Daily News Sept. 26, 2016 (Editorial Board) (SEE POLL BELOW)
By wielding the power of “no” more befitting a small child than an elected official, City Councilman Jimmy Van Bramer has stopped a worthy plan for affordable housing dead in its tracks.
Thus, for the second time in as many months, an individual council member has vetoed a project aimed at increasing the supply of apartments with reasonable rents amid an uproar by anti-development constituents.
Mayor de Blasio has made building affordable housing a top priority — cheered on by the City Council’s progressive posse as long as developers build anywhere but in their districts.
He’ll kiss goodbye his dream of building 80,000 affordable units unless Council Speaker Melissa Mark-Viverito stops empowering her members to put the interests of neighborhood naysayers over the good of New Yorkers at large.
The city’s oldest affordable apartment developer, Phipps Houses, last week withdrew a proposal to build 209 homes for tenants of modest means on a parking lot at the rim of the Sunnyside Rail Yard in Van Bramer’s Queens district.
Phipps had embarked on the city’s routine land use approval process, which journeys from community board to borough president to City Planning Commission to Council and finally to mayor.
Or should have. Van Bramer short-circuited the review before it began, declaring that he would vote no when the Council’s turn came to consider the project.
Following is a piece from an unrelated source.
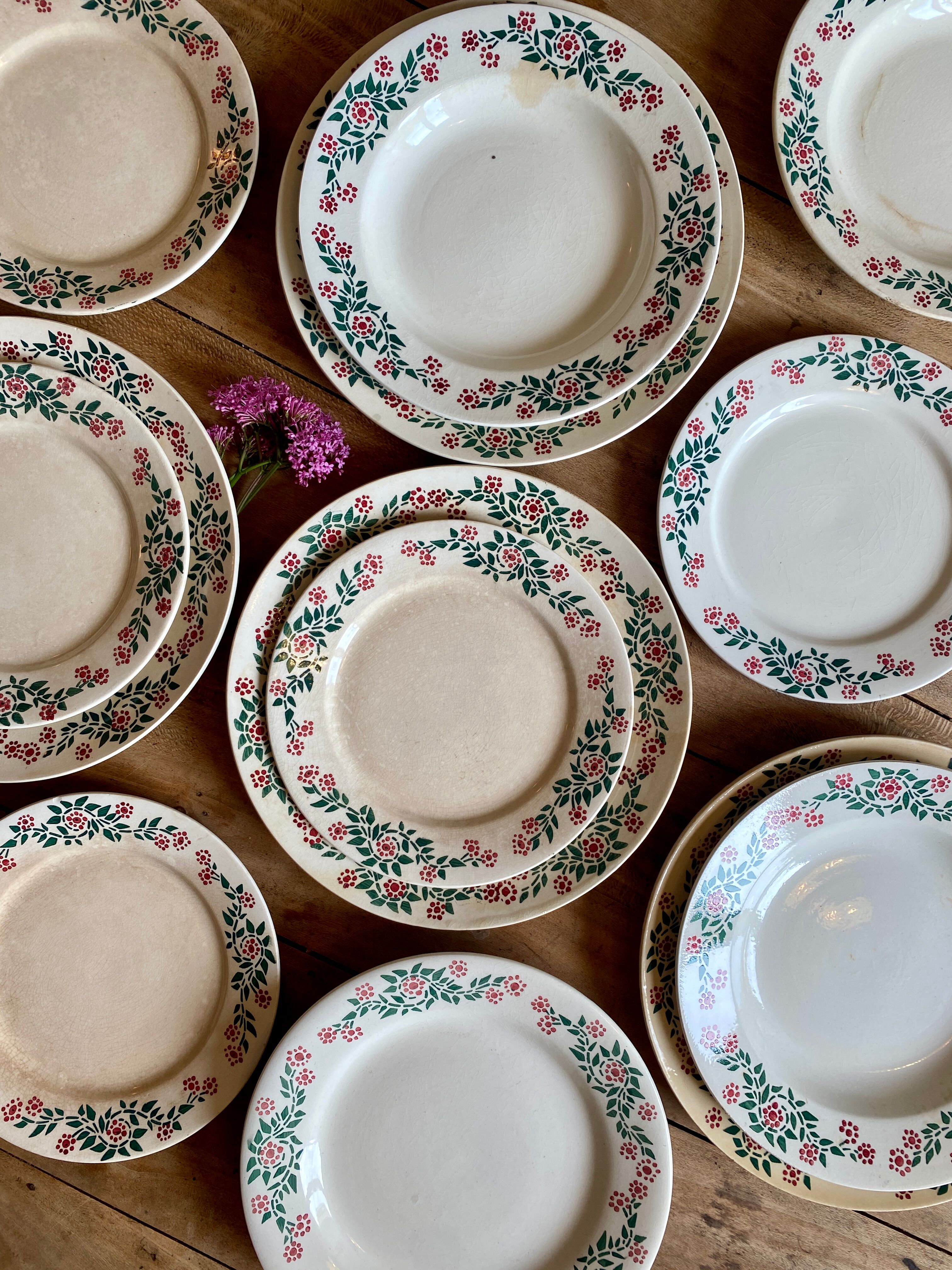 Set of 6 old flat plates model Cécile de HBCM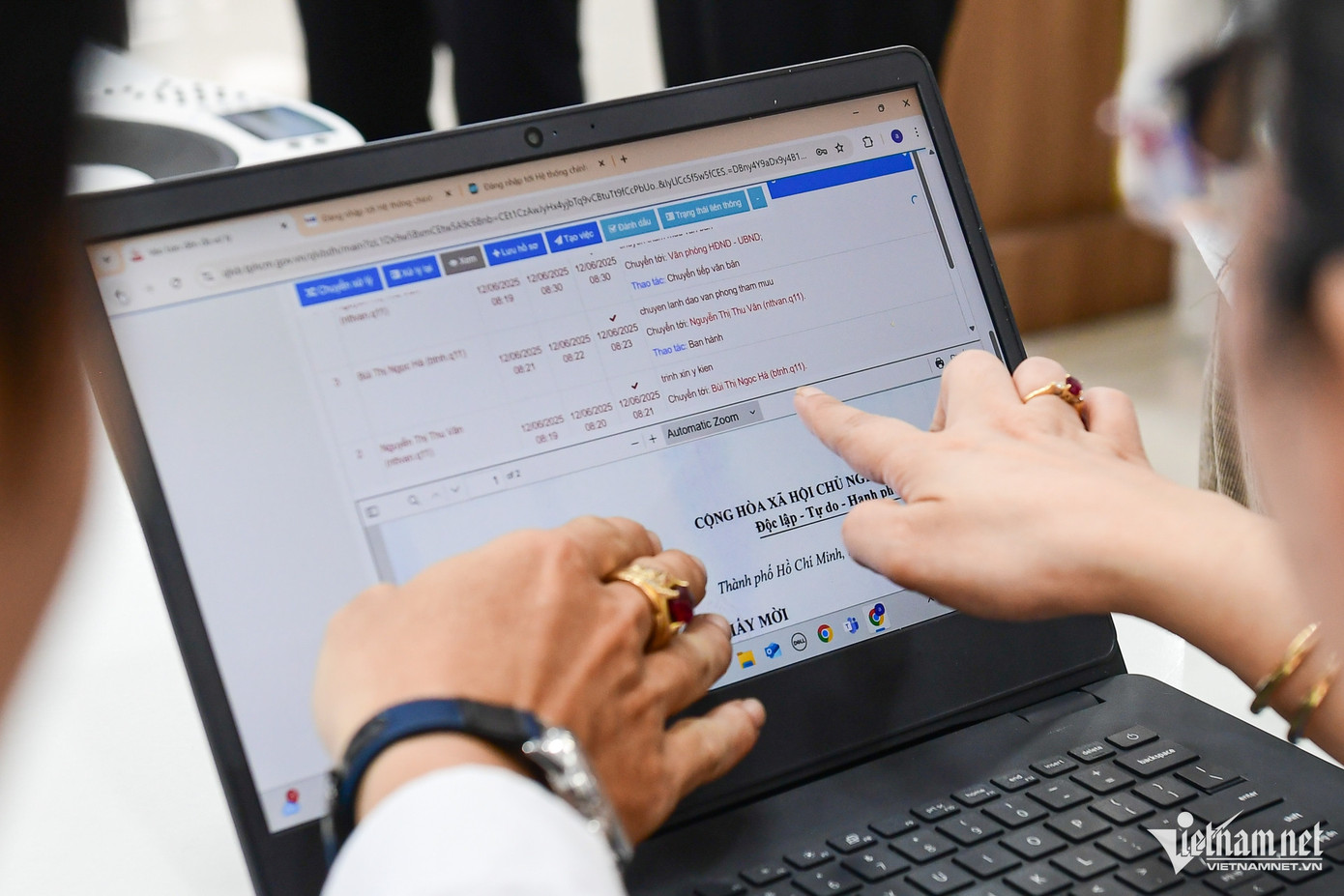 Trước đây, hồ sơ sẽ được giải quyết từ cấp quận đến văn phòng, rồi trưởng phòng, cuối cùng chuyển đến chuyên viên. Nay, quy trình được rút gọn bằng cách bỏ qua khâu lãnh đạo quận, giảm một bước trung gian. Nhờ đó, thủ tục được giải quyết tối đa trong một buổi làm việc, nhanh hơn, tránh gián đoạn và tiết kiệm thời gian cho người dân.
Then he took petulant offense at the mayor’s promise to have “a polite but firm conversation with the councilman,” retorting, “I don’t work for the mayor.”
So, although the City Planning Commission last month unanimously approved Phipps’ plan, under custom zealously embraced by Mark-Viverito the local Council member’s position dictates that of the Council as a whole — making it pointless to proceed to a vote.